Le générique d’Amicalement Votre, la série TV qui l’a rendu célèbre en France, pourrait parfaitement illustrer sa nécrologie (Internet ne s’en privera probablement pas).On y voyait défiler, sur la fameuse musique de John Barry, les photos noir et blanc d’un gamin du Bronx, débrouillard et bagarreur, devenu riche et célèbre, mais ne devant sa réussite qu’à lui -même et ayant gardé ses manières de minot des rues. Tel était Tony Curtis, à la différence près que sa richesse et sa célébrité, il ne les devait pas à ses talents d’hommes d’affaires, mais au cinéma et à la télévision où il fit une longue carrière (émaillée de près de 130 films), avant de se retirer dans les années 80 pour se consacrer à ses deux autres passions : la peinture et la photographie. Né Bernard Schwartz, le 3 juin 1925, dans le quartier pauvre du Bronx à New York, de parents immigrants juifs hongrois, Tony Curtis est décédé d’une crise cardiaque mercredi à Las Vegas. Sa vie est une telle illstration de la « réussite américaine » qu’on la croirait tirée d’un des films de l’âge d’or d’Hollywood, dont il fut l’un des acteurs les plus populaires.
Cinéma
Après avoir connu l’orphelinat, la maison de redressement et s’être engagé pour participer à la guerre de 39-45, il attire l’attention dans un cours de théâtre qu’une bourse de l’armée lui avait permis de payer après sa démobilisation. Il obtient son premier rôle sous le nom de Tony Curtis dans un film policier, Criss Cross de Robert Siodmark, en 1949.Suivront Trapeze de Carol Reed qui lui offre un premier vrai rôle dramatique aux côtés de Burt Lancaster, Les Vikings de Richard Fleisher, superproduction qui lui vaut une reconnaissance internationale et Vacances à Paris de Blake Edwards, une comédie romantique dans laquelle il imprime sa marque de séducteur à la belle gueule orientale et aux répliques drolatiques.

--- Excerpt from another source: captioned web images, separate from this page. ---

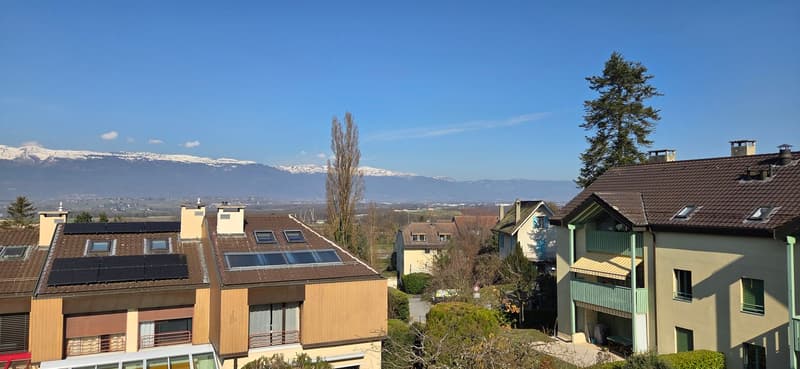 Superbe et unique appartement duplex en attique à Bernex (3)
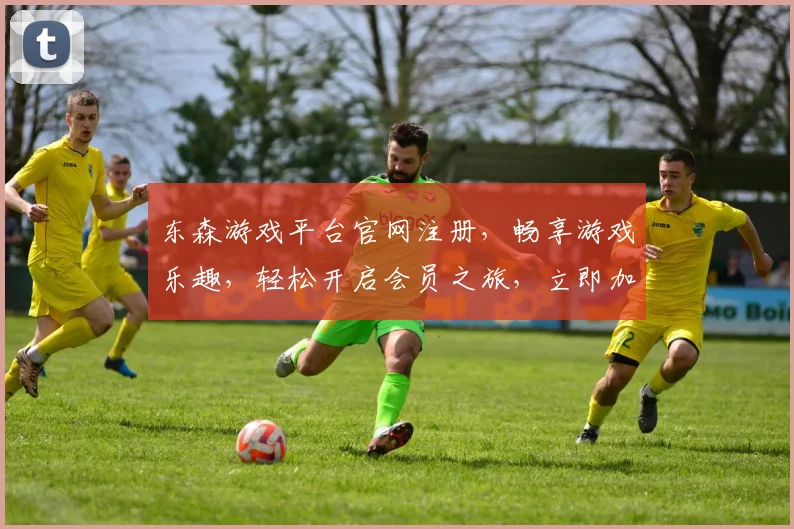 东森游戏平台官网注册，畅享游戏乐趣，轻松开启会员之旅，立即加入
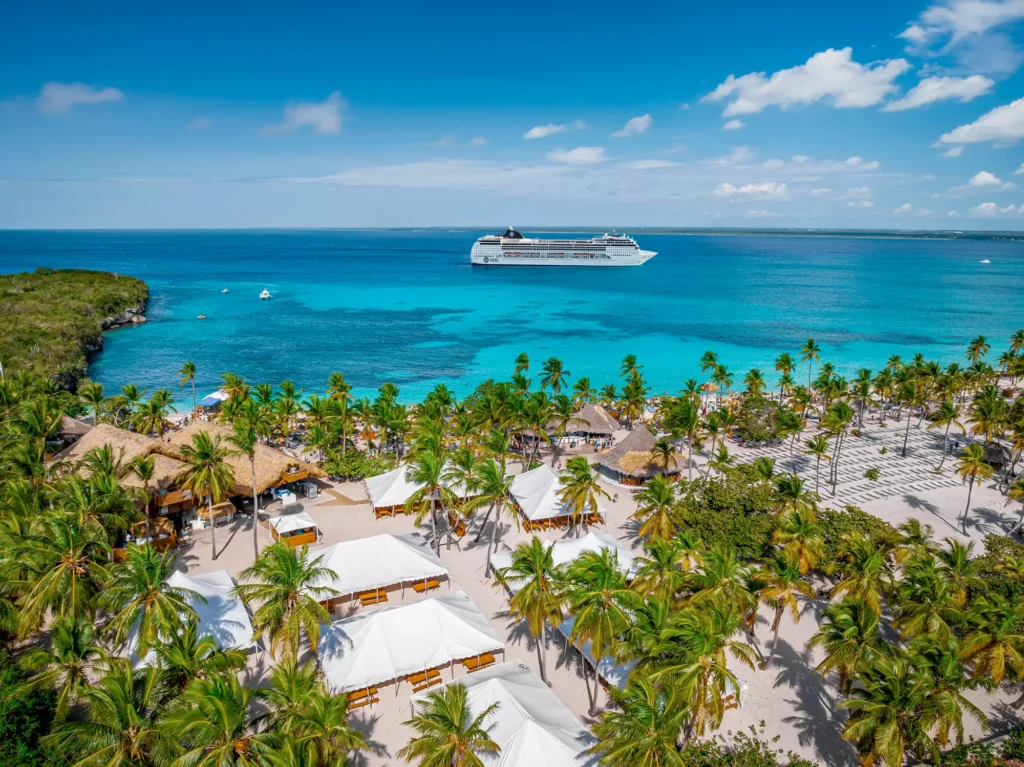 Aerial view of a palm-lined beach and MSC ship near Catalina Island, Dominican Republic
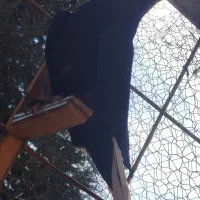 نرمایه ذاغدمسفید|پرنده|کرمان, |دیوار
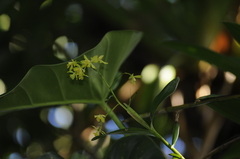 Epidendrum mutelianum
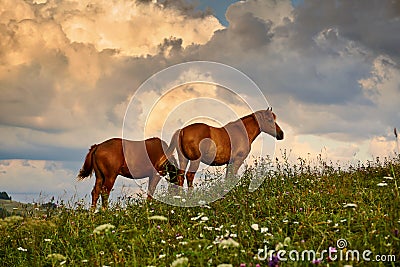 Horses is on beautiful pasture in a mountains, summer landscape, bright cloudy sky and sunlight, wildflowers, brown toned Stock Photo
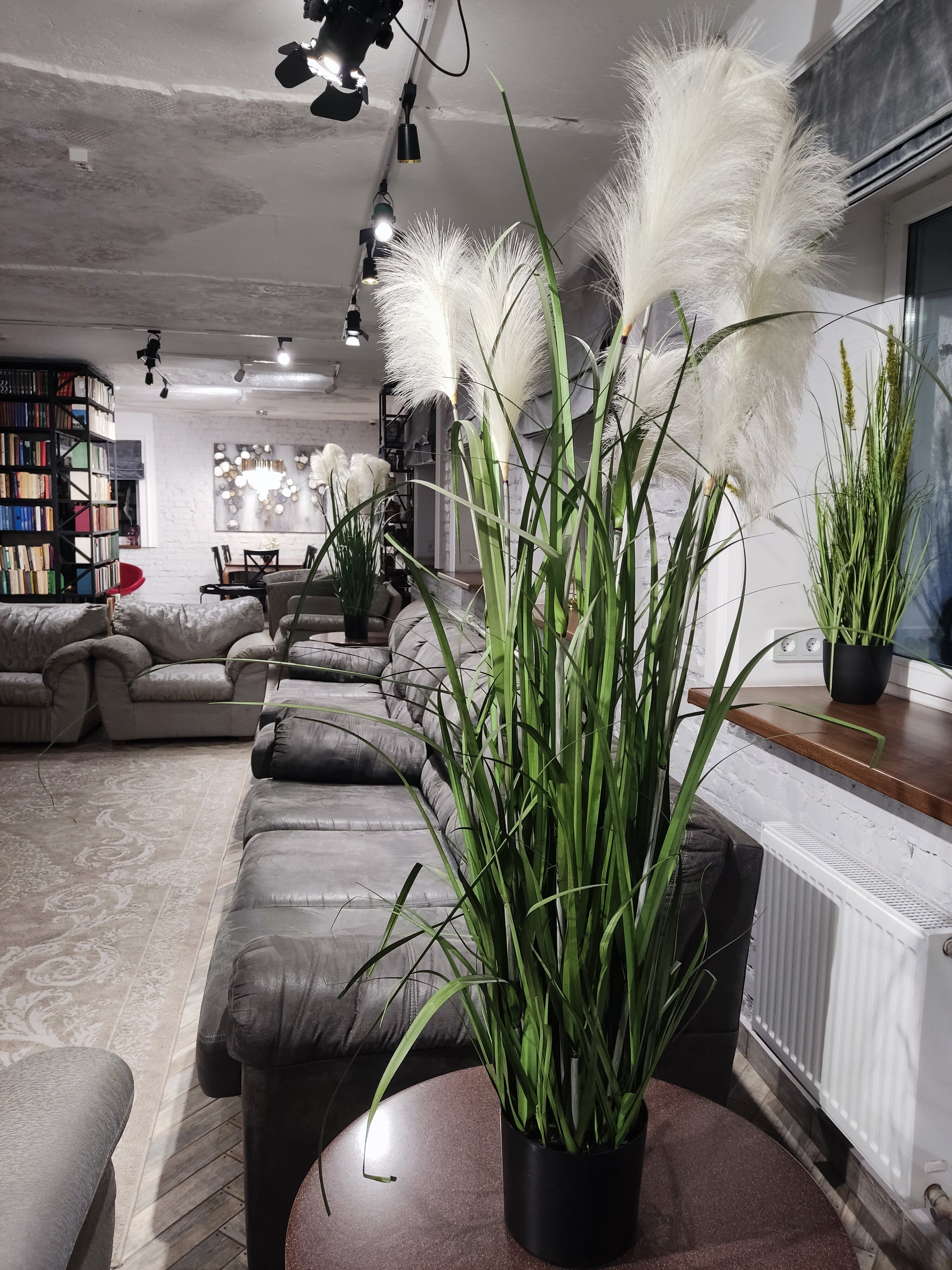 Фото Подмосковье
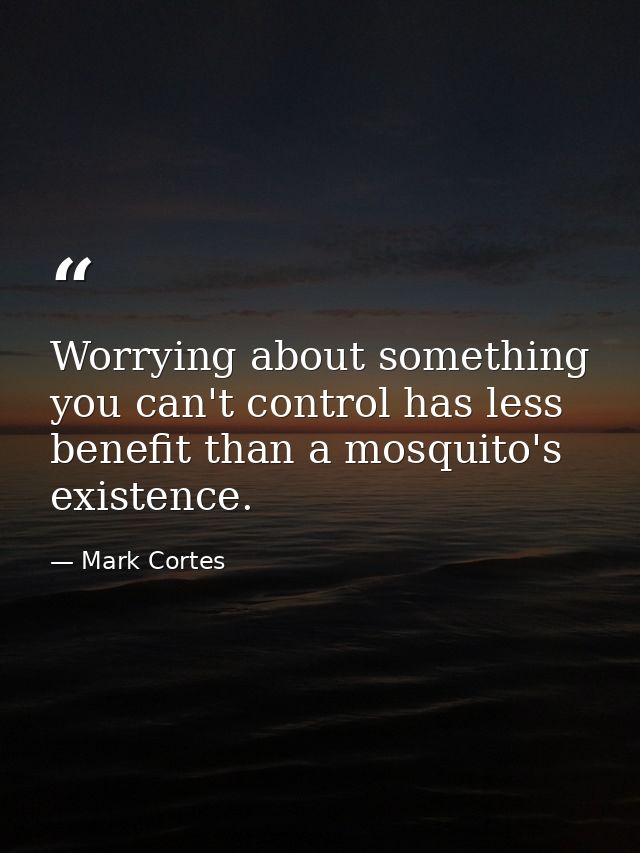 Worrying about something you can't control has less benefit than a mosquito's existence. — Mark Cortes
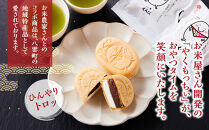 アイス最中！やくもっちぃもなか(粒あん＆生クリーム) 9個入  【 もなか モナカ 最中 和菓子 菓子 おかし 食品   グルメ お取り寄せ    】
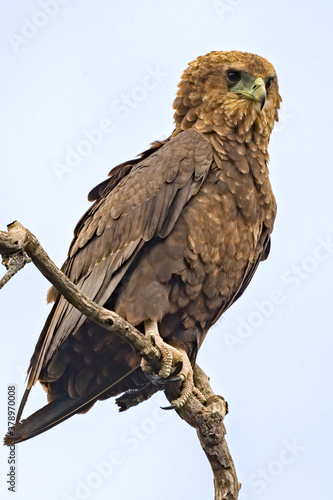 Juvenile Bateleur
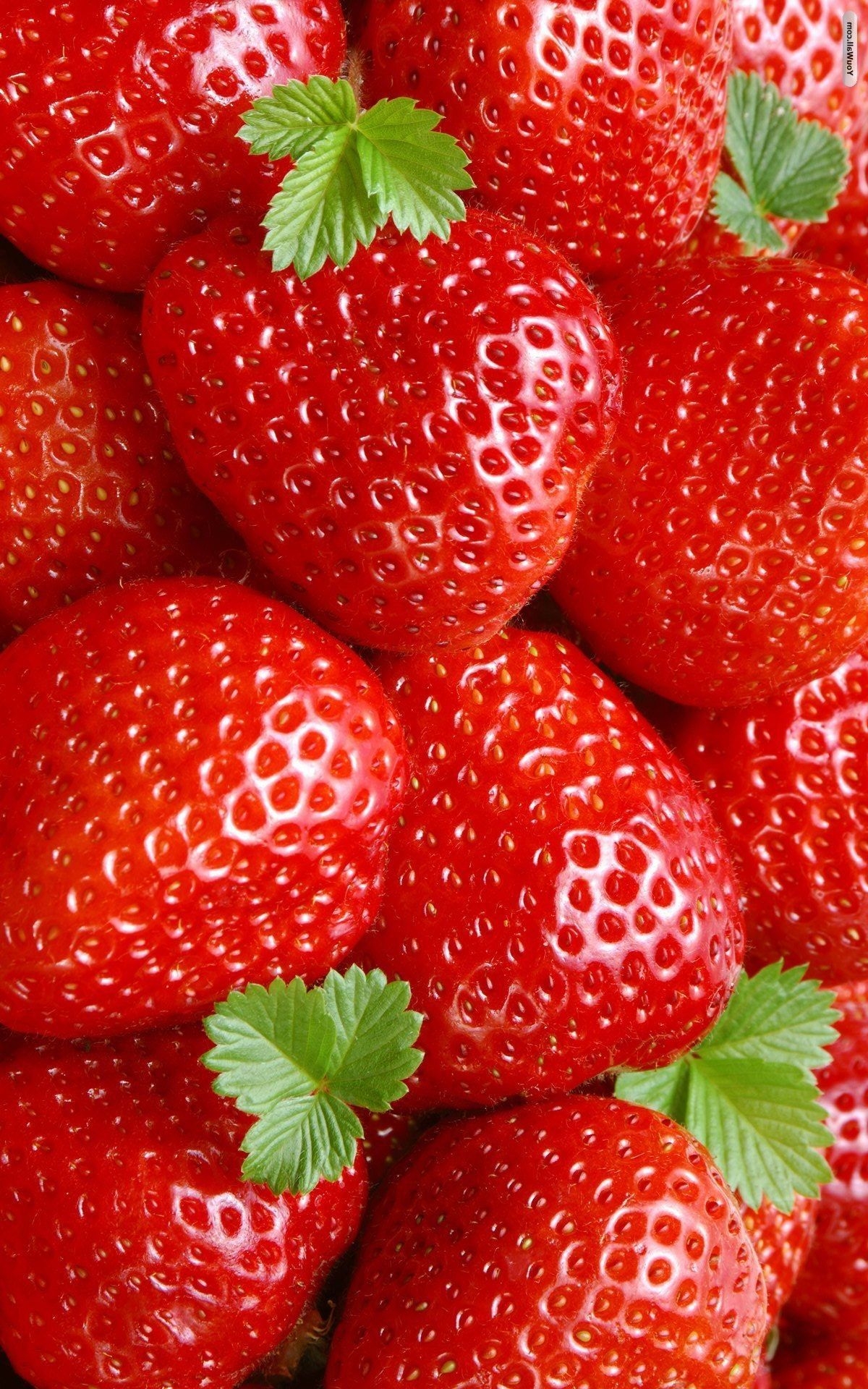 1200x1920 Strawberries Wallpaper Free Strawberries Background, Phone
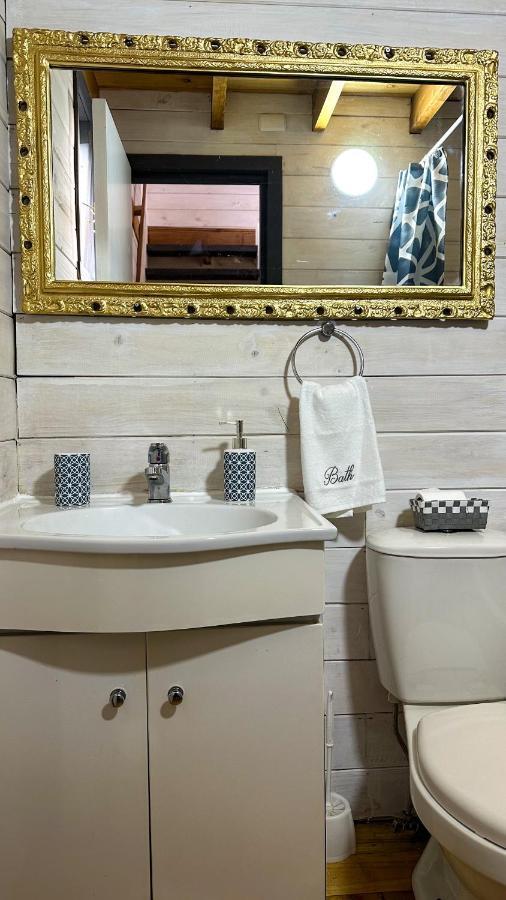 Tiny House Cozcoz * Panguipulli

Nommé aux Oscars pour La Chaîne de Stanley Kramer en 1958 (film pour lequel il exige que le nom de son partenaire noir, Sidney Poitier soit inscrit aussi gros que le sien sur l’affiche), il triomphe l’année suivante dans le rôle travesti de Certains l’aime chaud aux côtés de Jack Lemmon et de Marilyn Monroe, avec laquelle il a une brève mais intense liaison, comme il le racontait en détails dans un livre consacré au tournage du film publié cette année (1).
Télévision et séduction
Séducteur invétéré, Tony Curtis eut six femmes (dont Janet Leight) et autant d’enfants (dont l’actrice Jamie Lee Curtis). Dans les années 70, sa carrière, qui accusait un certain essoufflement, rebondit grâce à la télévision et notamment à la série Amicalement Votre, où il partage la vedette avec l’ex- Simon Templar (Le Saint) et futur James Bond, Roger Moore. Son personnage de Danny Wilde, faire valoir gouailleur et sympathique, doublé par la voix de Roger Roux dans la version française, finit d’assurer sa célébrité dans notre pays, où il est fait Chevalier des Arts et Lettres en 1995.
Ce fut l’une des rares distinctions de cet acteur attachant, plus soucieux de son public que d’honneurs ou de carrière. Oublié des oscars et de Cannes (ou trois de ses films ont été présentés et où il aimait particulièrement venir), Tony Curtis a tout de même reçu en 2004 la Caméra d’Or du Festival de Berlin pour l’ensemble de sa carrière.

(1) Certains l’aiment chaud! et Marilyn aux éditions Serpent à plumes.